Personally, and collectively, we must ask what is it that we need to change in our lives, in the way we receive and reflect on news and in what we ask of business corporations and governments?
I think that´s not so very different to what St Ignatius invites us to do in time of desolation: not be sucked into the whirlpool of fear, but to ‘stand firm and constant in the resolutions and decision by which one was guided the day before the desolation or during the preceding time of consolation’ [Spiritual Exercises 318- 321].
In Laudato Si’, Pope Francis urgently invites us to consider what is happening to our common home. Human activities put us in a dramatic situation. The principal points are well summarised: pollution, a culture of waste, resource depletion, biodiversity loss, and the degradation of the quality of human and social life.

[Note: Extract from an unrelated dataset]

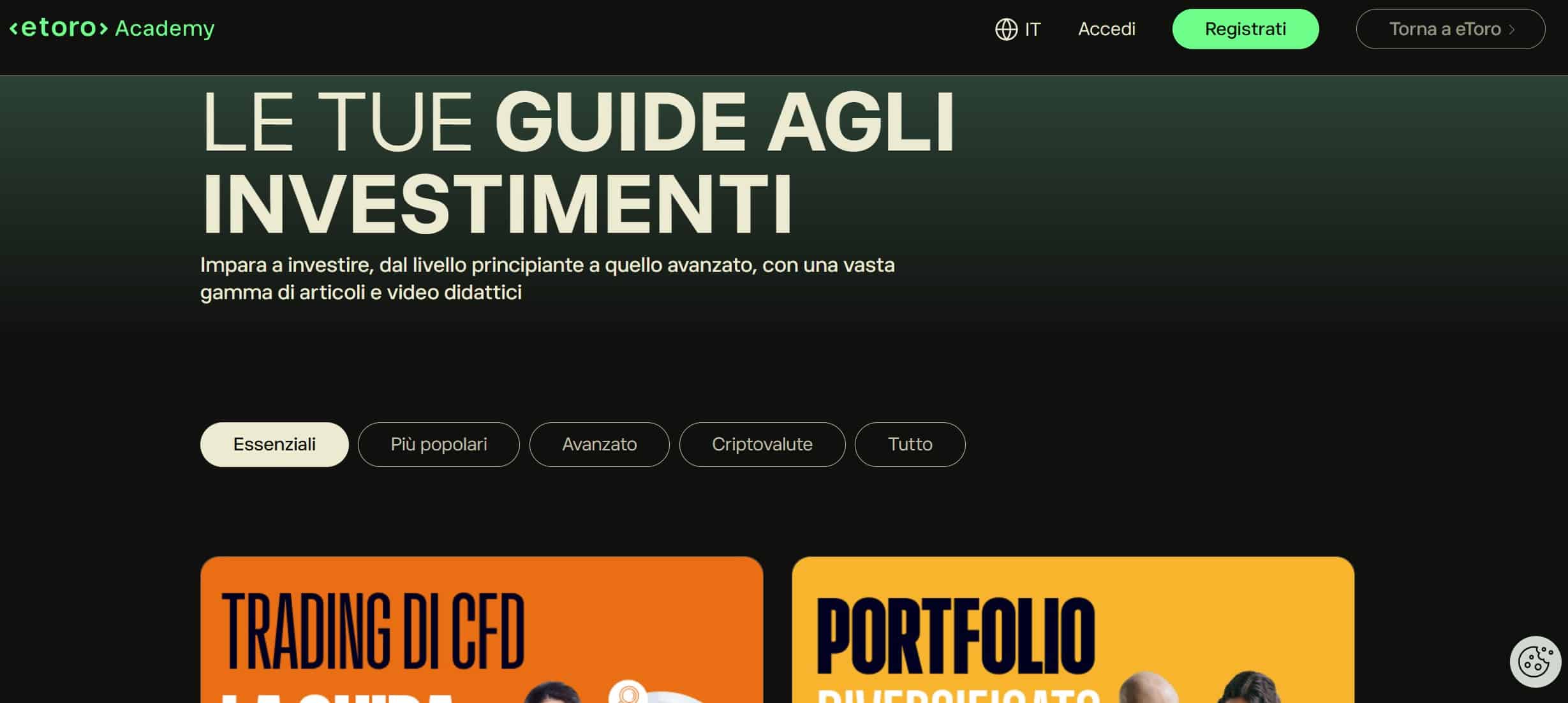 eToro Academy - guide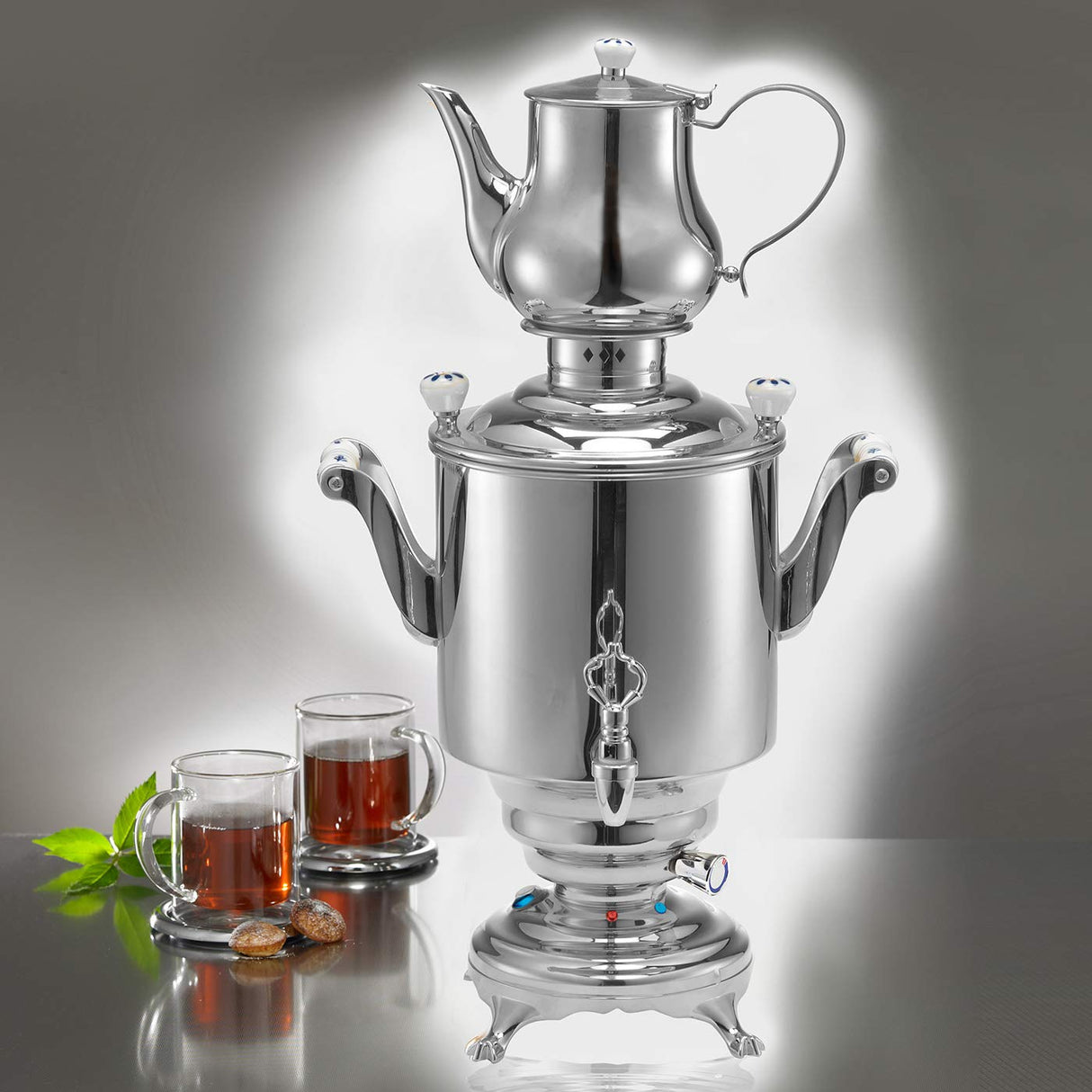 BEEM 5982 Romanov III Samovar 230 V 5 litros Inoxidable, Acero Steenless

We may feel more capable of successfully facing small, controllable, local situations, which require limited action. However, the scope of the task is much more daunting when we look at massive, irreversible changes such as the poisoning by pesticides of the soils of monoculture plantations on which an entire country’s economy depends, or threats to the whole ecosystem like the enormous amounts of CO2 in the atmosphere.
Unfortunately, as inhabitants of one of the richest nations of the world, we have become used to tolerating the extreme poverty of the mass of humanity. The ecological crisis which becomes more and more acute, brings us to the social crisis highlighting the scandal of extreme poverty.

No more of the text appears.